▸ ASSIGNMENT: Copy out the data below from the line containing "Colored Fabric Braided" to the line containing "WKY-Electric Spin Scrubber", both lines included, with all images left out.

▸ GIVEN RECORDS:
⁂

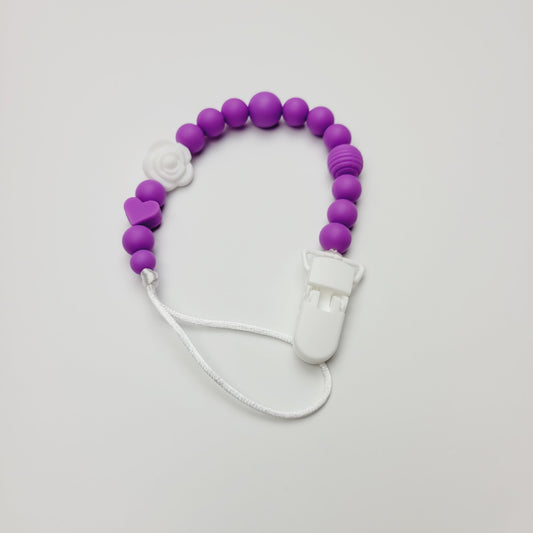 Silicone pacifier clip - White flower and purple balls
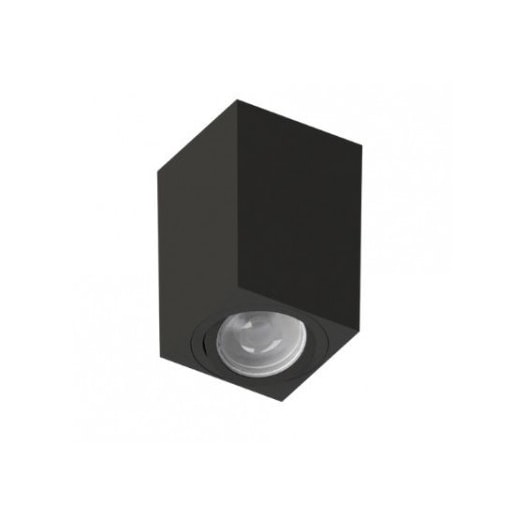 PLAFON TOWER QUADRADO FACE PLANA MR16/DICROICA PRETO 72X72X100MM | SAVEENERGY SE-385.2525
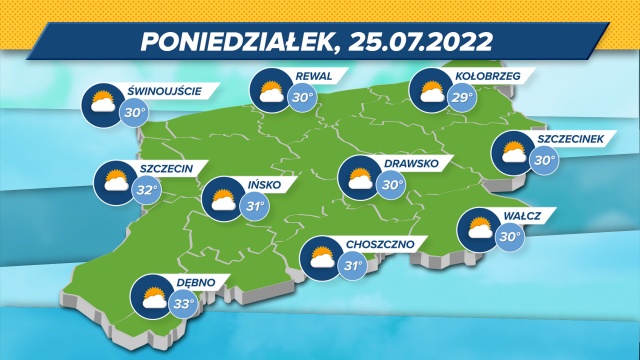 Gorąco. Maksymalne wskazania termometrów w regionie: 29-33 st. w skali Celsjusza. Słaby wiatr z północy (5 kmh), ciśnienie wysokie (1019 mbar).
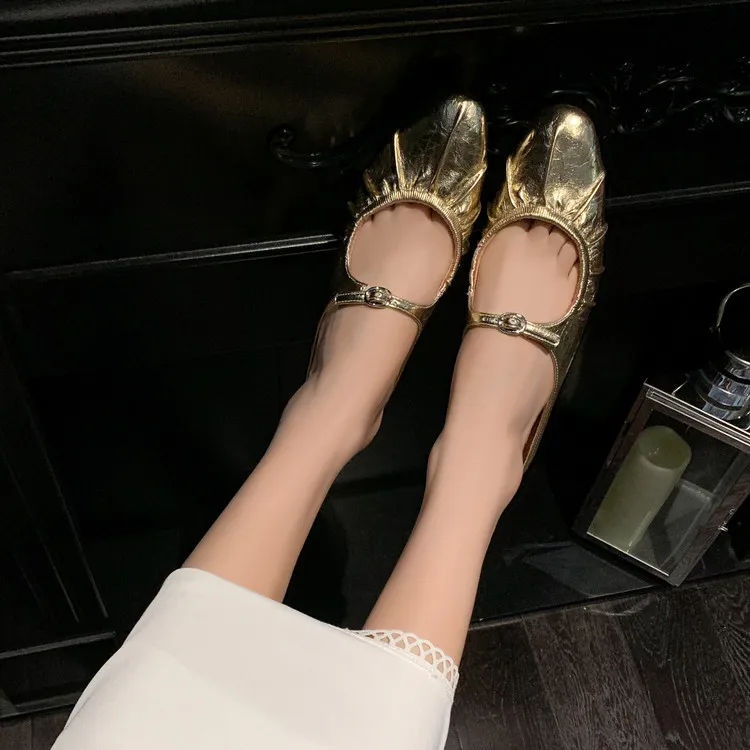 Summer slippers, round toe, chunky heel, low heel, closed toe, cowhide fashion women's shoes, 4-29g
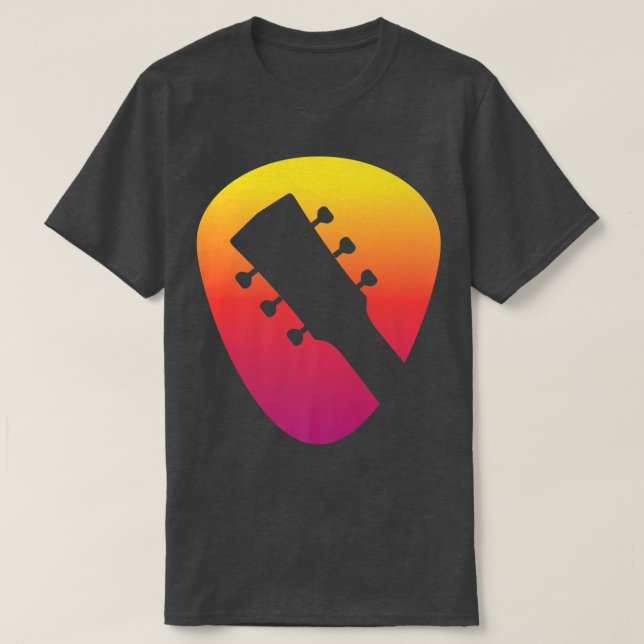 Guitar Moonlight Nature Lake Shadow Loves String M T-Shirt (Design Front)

⁂

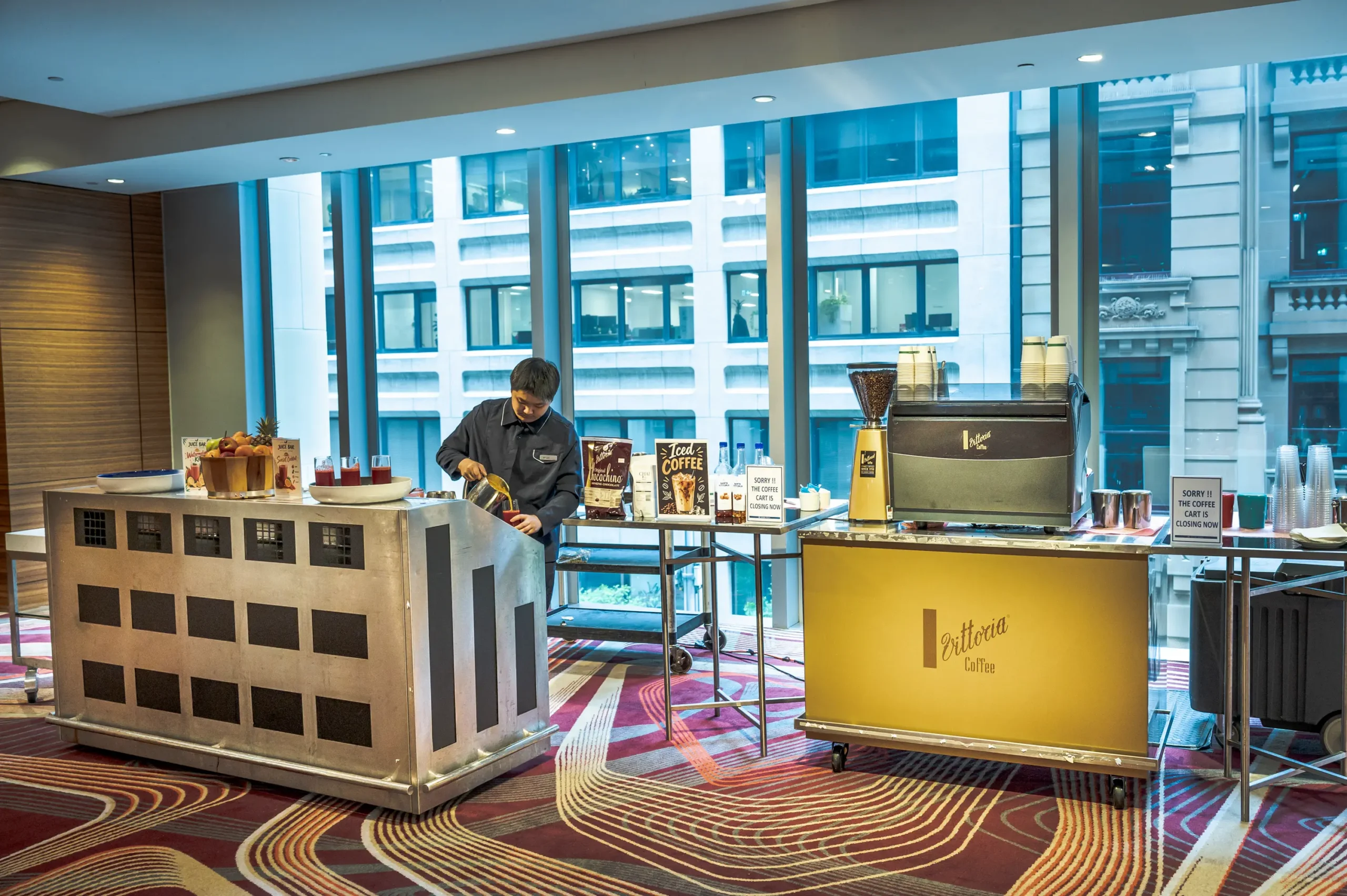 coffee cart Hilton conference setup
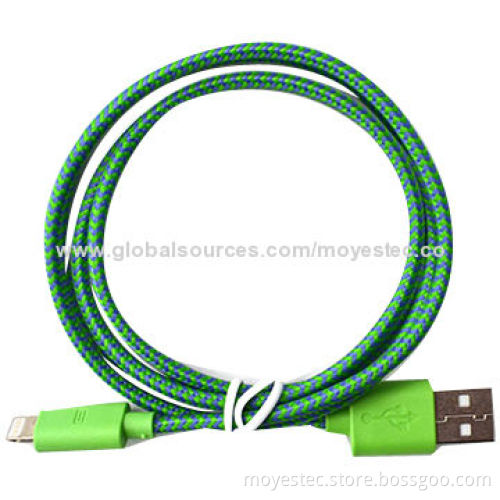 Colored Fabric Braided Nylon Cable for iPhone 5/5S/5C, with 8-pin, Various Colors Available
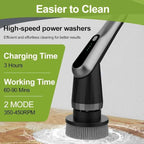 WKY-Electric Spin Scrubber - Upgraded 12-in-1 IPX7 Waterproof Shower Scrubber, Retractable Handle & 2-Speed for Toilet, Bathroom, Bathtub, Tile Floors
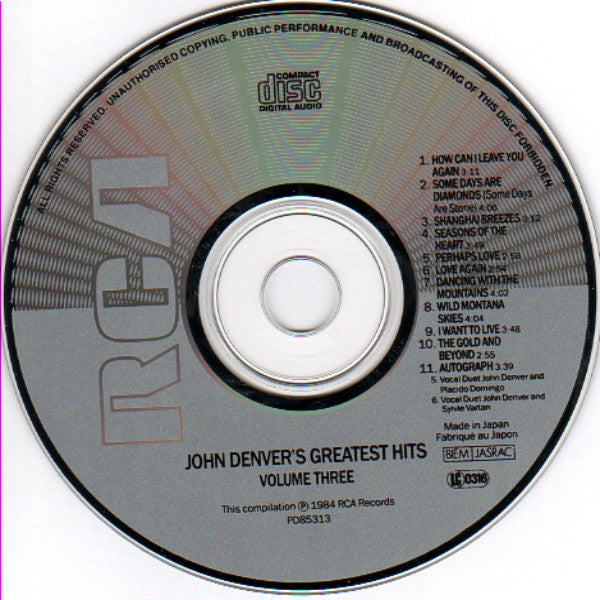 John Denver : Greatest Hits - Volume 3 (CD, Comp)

⁂

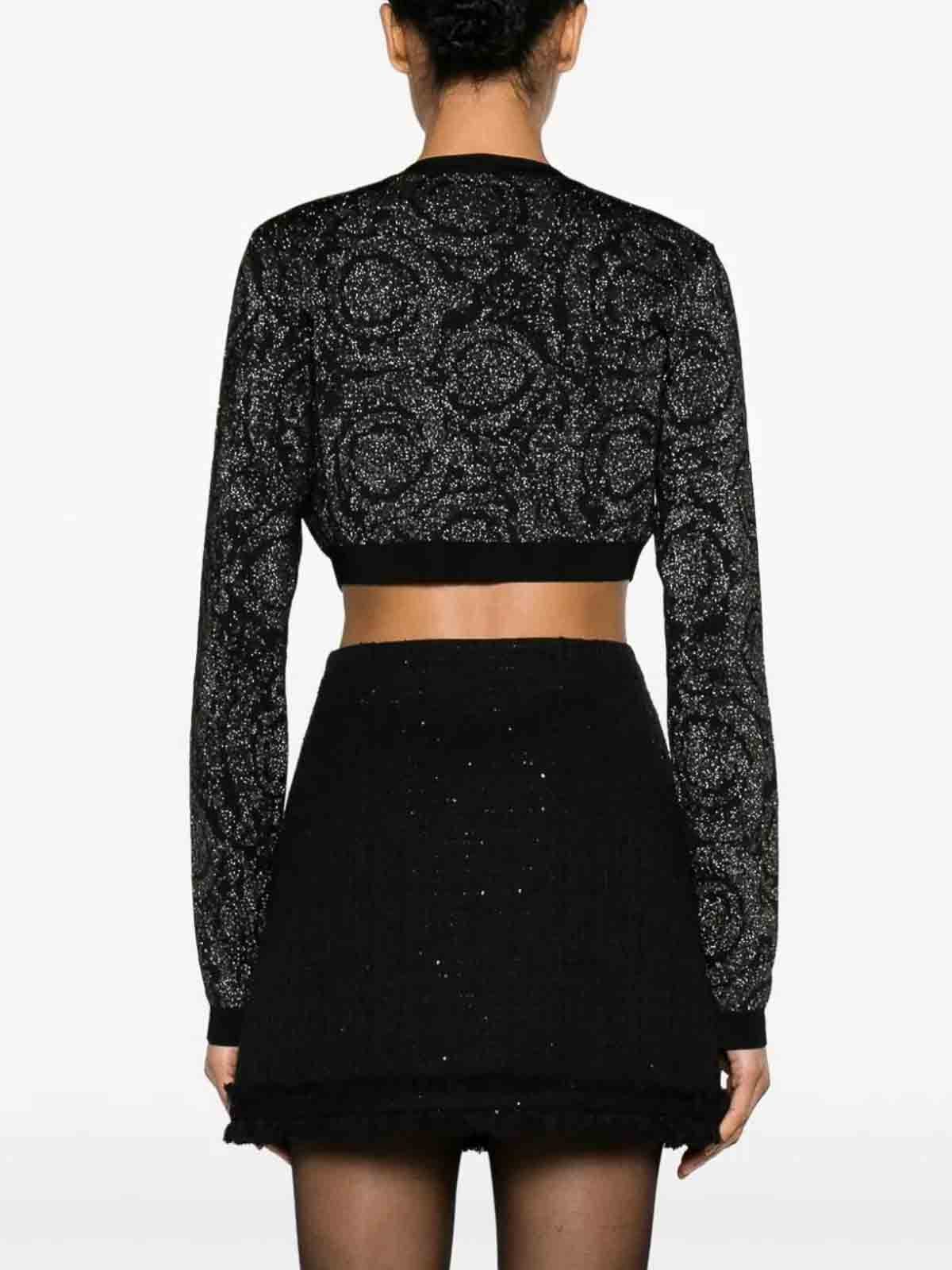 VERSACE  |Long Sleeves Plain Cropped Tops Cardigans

⁂

▸ EXERCISE RESPONSE:
 Colored Fabric Braided Nylon Cable for iPhone 5/5S/5C, with 8-pin, Various Colors Available
 WKY-Electric Spin Scrubber - Upgraded 12-in-1 IPX7 Waterproof Shower Scrubber, Retractable Handle & 2-Speed for Toilet, Bathroom, Bathtub, Tile Floors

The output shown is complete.